**Work instructions**
Set down the data below without change, skipping the pictures it holds.

Records for the task: Begin

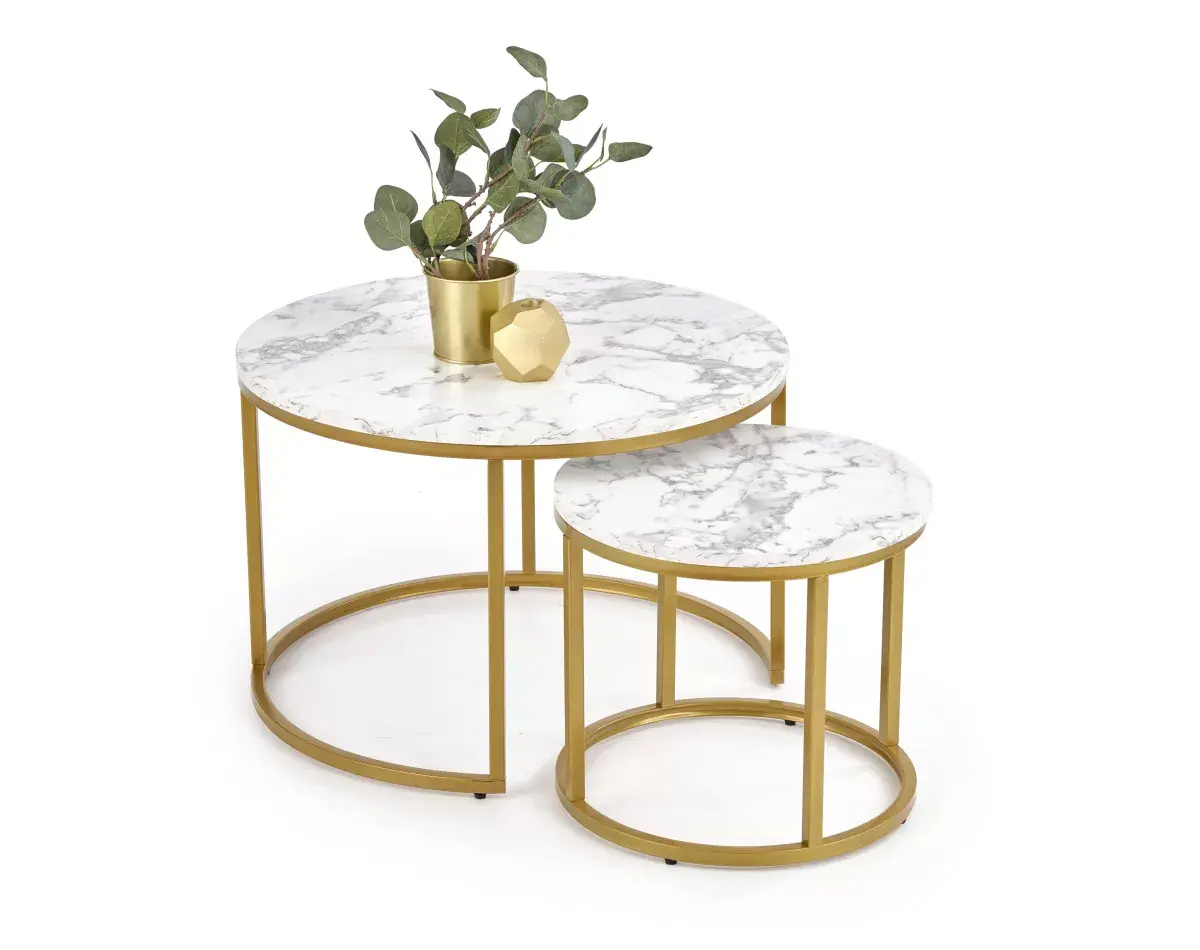 Клуб Паола Златна (0)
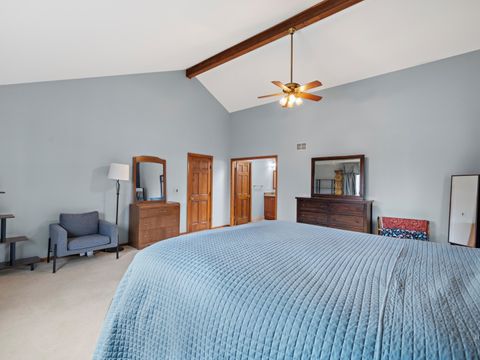 Tiny photo for 11 Spinnaker Court, Grayslake, IL 60030 (MLS # 12561829)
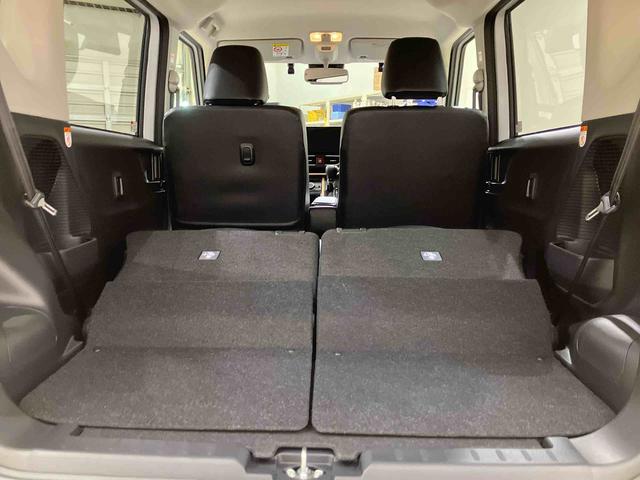 ムーヴＲＳ４ＷＤ　アルミホイール　ターボ　スマートキー　記録簿　ワンオーナー　エアバッグ　エアコン　パワーステアリング　パワーウィンドウ　ＡＢＳ（北海道）の中古車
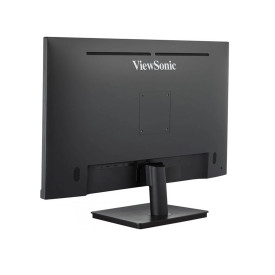 Монитор VIEWSONIC VA3209-MH 32 inch 1920x1080 IPS LED, VGA, HDMI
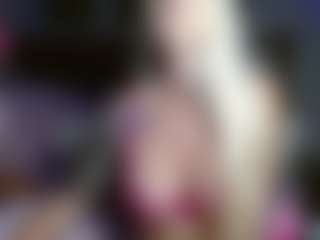 Barbie Doll Kiley's Live Sex Cam Show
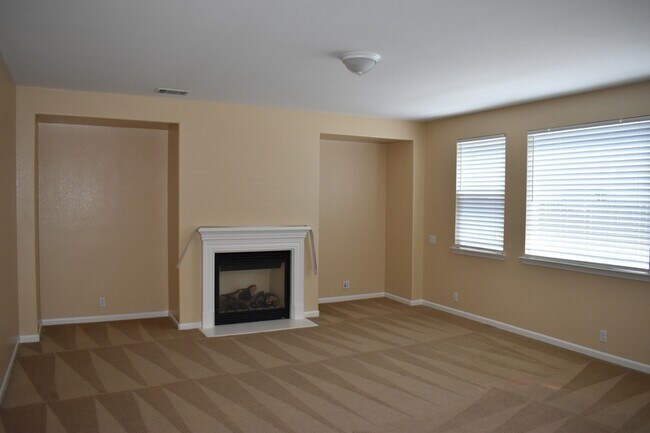 Building Photo - 1220 CAVALAIRE Ct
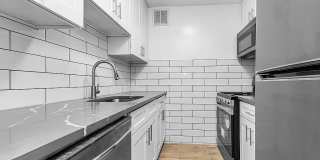 11817 Union Tpke Apt 7E 11817 Union Tpke Apt 7E Gallery 1
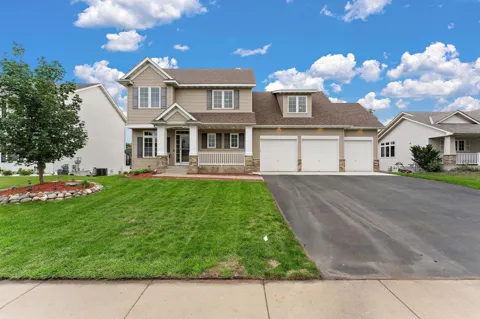 2686 148th Street W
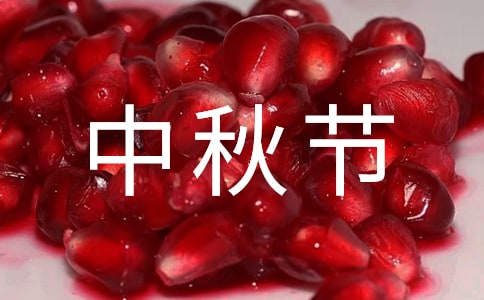 СW(xu)﹝(ji)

Records for the task: End

**Answer**
 Клуб Паола Златна (0)
 Tiny photo for 11 Spinnaker Court, Grayslake, IL 60030 (MLS # 12561829)
 ムーヴＲＳ４ＷＤ　アルミホイール　ターボ　スマートキー　記録簿　ワンオーナー　エアバッグ　エアコン　パワーステアリング　パワーウィンドウ　ＡＢＳ（北海道）の中古車
 Монитор VIEWSONIC VA3209-MH 32 inch 1920x1080 IPS LED, VGA, HDMI
 Barbie Doll Kiley's Live Sex Cam Show
 Building Photo - 1220 CAVALAIRE Ct
 11817 Union Tpke Apt 7E 11817 Union Tpke Apt 7E Gallery 1
 2686 148th Street W
 СW(xu)﹝(ji)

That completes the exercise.